Em 27 de junho de 1973, um golpe de Estado derrubou a democracia uruguaia. Neste dia em questão, com a ajuda das Forças Armadas, o presidente Juan María Bordaberry fechou o Senado e a Câmara dos Deputados, dissolvendo o Parlamento.

Partidos políticos foram proibidos de funcionar, assim como sindicatos e grêmios estudantis — que foram marginalizados e deixados em segundo plano. Organizações sociais foram extintas e as liberdades civis suprimidas.

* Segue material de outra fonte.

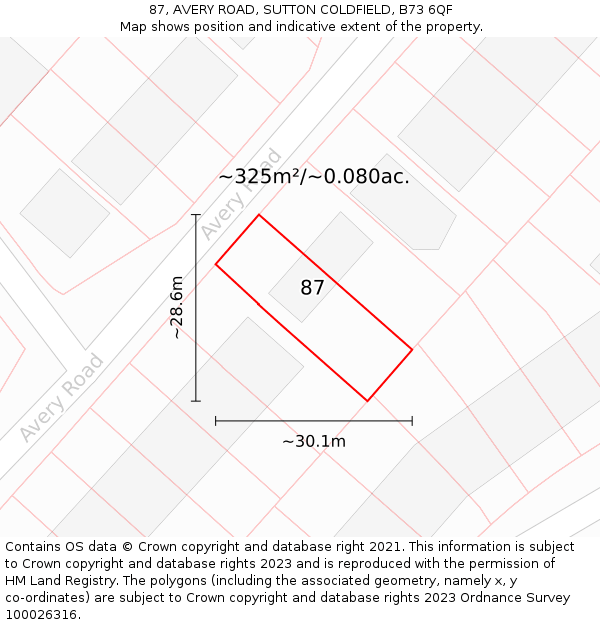 87, AVERY ROAD, SUTTON COLDFIELD, B73 6QF: Plot and title map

Os meios de comunicação passaram a sofrer censura. Já os militares, como consequência, passaram a ocupar cargos de responsabilidade no governo. Grupos de resistência passaram a ser caçados impiedosamente; ocorrendo um acirramento da repressão contra a população e organizações de esquerda.

Os principais perseguidos faziam parte do grupo de guerrilheiros marxistas-leninistas do Movimento de Liberação Nacional-Tupamaros; do qual eram integrantes três amigos: Pepe, El Ñato e Ruso.

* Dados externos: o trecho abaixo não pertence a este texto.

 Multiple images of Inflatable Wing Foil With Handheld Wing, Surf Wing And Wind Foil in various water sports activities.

Durante 4.323 dias, José Alberto Mujica, Eleuterio Fernández Huidobro e Mauricio Rosencof, respectivamente, foram privados de seus direitos básicos ao serem jogados em calabouços e feitos de prisioneiros pela Ditadura Militar uruguaia.

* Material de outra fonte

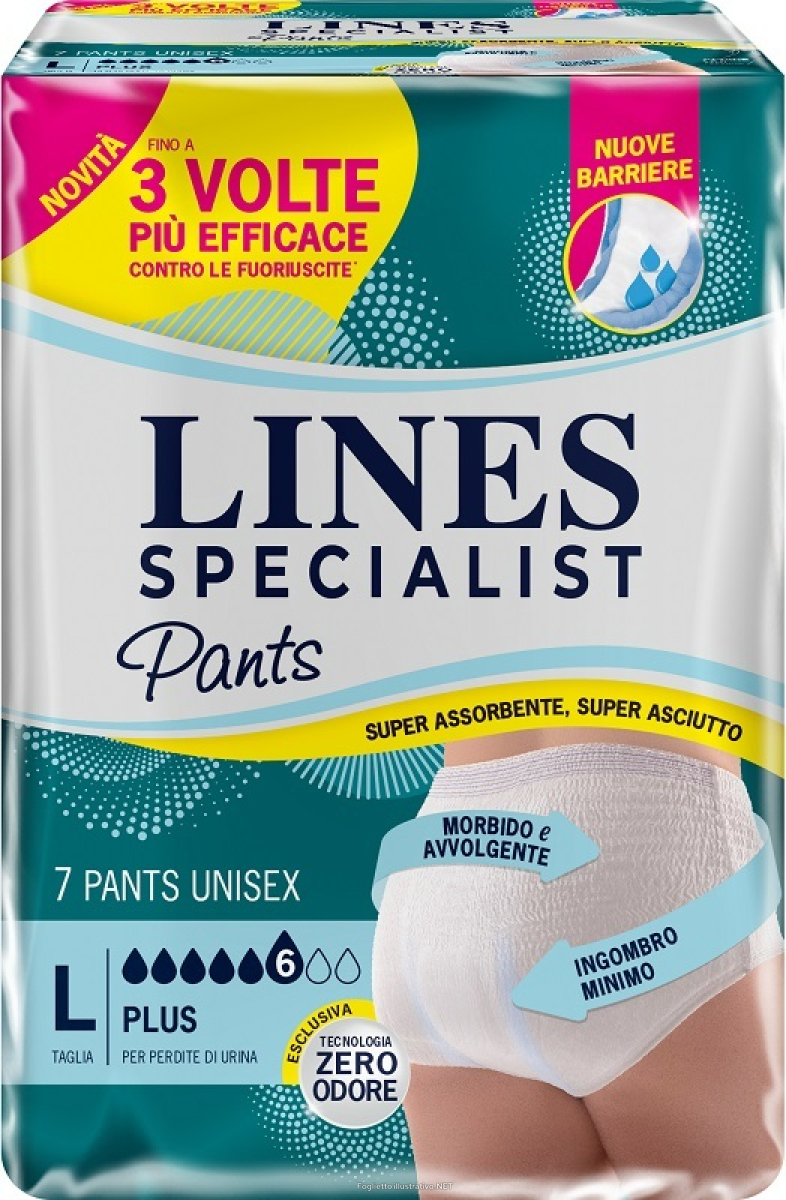 Cerca Offerte di pannolone per incontinenza lines specialist pants plus unisex l 7 pezzi buono sconto e acquista online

O período mais sombrio que vivi, mas que sobrevivi, foi quando caçaram dirigentes do Movimento Tupamaro, em que o governo, por qualquer motivo, nos condenava", disse Rosencof, em entrevista feita por mim em meados de 2021.

Condições subumanas

Sem terem o direito sequer de verem a luz do sol enquanto estavam presos nestes calabouços, o ex-prisioneiro me relatou as condições subumanas que viveu: "a 'comida' que recebíamos, se é que podemos chamar assim, eram 'temperadas' com bitucas de cigarro ou misturadas com terra".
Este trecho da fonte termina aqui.